III. Consegue il rigetto del ricorso, regolandosi le spese del giudizio di cassazione secondo soccombenza in favore della contro ricorrente.

Deve poi ritenersi che il ricorso sia stato proposto con colpa grave, ovvero senza aver adoperato la normale diligenza per acquisire coscienza della sua integrale infondatezza. La ricorrente va perciò condannata altresì al pagamento di una somma, equitativamente determinata, in favore della controricorrente, ai sensi dell’art. 385 c.p.c., comma 4, applicabile a questo giudizio di legittimità giacchè avente ad oggetto ricorso avverso sentenza pubblicata dopo il 4 luglio 2009, data di entrata in vigore della L. n. 69 del 2009, art. 46, comma 20, che ne ha disposto l’abrogazione, ed essendo stato il primo grado instaurato anteriormente alla medesima data. Considerati il dispendio di tempo e di energie necessariamente impiegati per l’approntamento della difesa, nonchè la durata e l’oggetto del processo, tale somma può essere equitativamente liquidata in Euro 2.000,00, con interessi legali dalla sentenza al saldo.

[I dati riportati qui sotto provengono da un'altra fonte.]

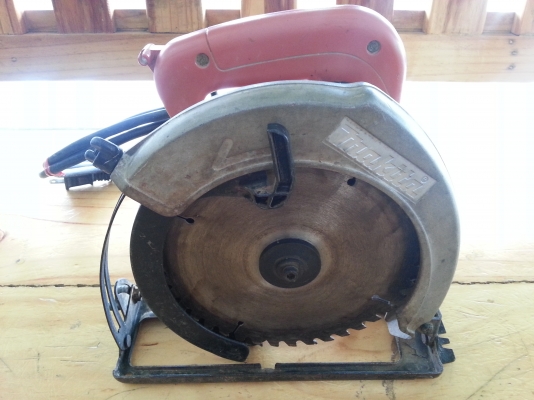 ขายเลื่อยวงเดือนผ่าไม้ขนาดใส่ใบได้7นิ้วยี่ห้อmaktec by makitaสภาพดีครับ ขายเลื่อยวงเดือนผ่าไม้ขนาดใส่ใบได้7นิ้วยี่ห้อmaktec by makitaสภาพดีครับ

Sussistono i presupposti processuali per il versamento – ai sensi del D.P.R. 30 maggio 2002, n. 115, art. 13, comma 1-quater – da parte della ricorrente, di un ulteriore importo a titolo di contributo unificato pari a quello previsto per l’impugnazione, se dovuto

P.Q.M.

La Corte rigetta il ricorso e condanna la ricorrente a rimborsare alla controricorrente le spese sostenute nel giudizio di cassazione, che liquida in complessivi Euro 3.200,00, di cui Euro 200,00 per esborsi, oltre a spese generali e ad accessori di legge; condanna la ricorrente al pagamento in favore della controricorrente Provincia di Forlì-Cesena della ulteriore somma di Euro 2.000,00 ai sensi dell’art. 385 c.p.c., comma 4, oltre interessi legali dalla sentenza al saldo.

Ai sensi del D.P.R. n. 115 del 2002, art. 13, comma 1 quater, dà atto della sussistenza dei presupposti processuali per il versamento, da parte della ricorrente, di un ulteriore importo a titolo di contributo unificato pari a quello previsto per il ricorso principale, a norma dello stesso art. 13, comma 1-bis, se dovuto.

Così deciso in Roma, nella Camera di consiglio della Sezione Seconda Civile della Corte Suprema di Cassazione, il 8 novembre 2019.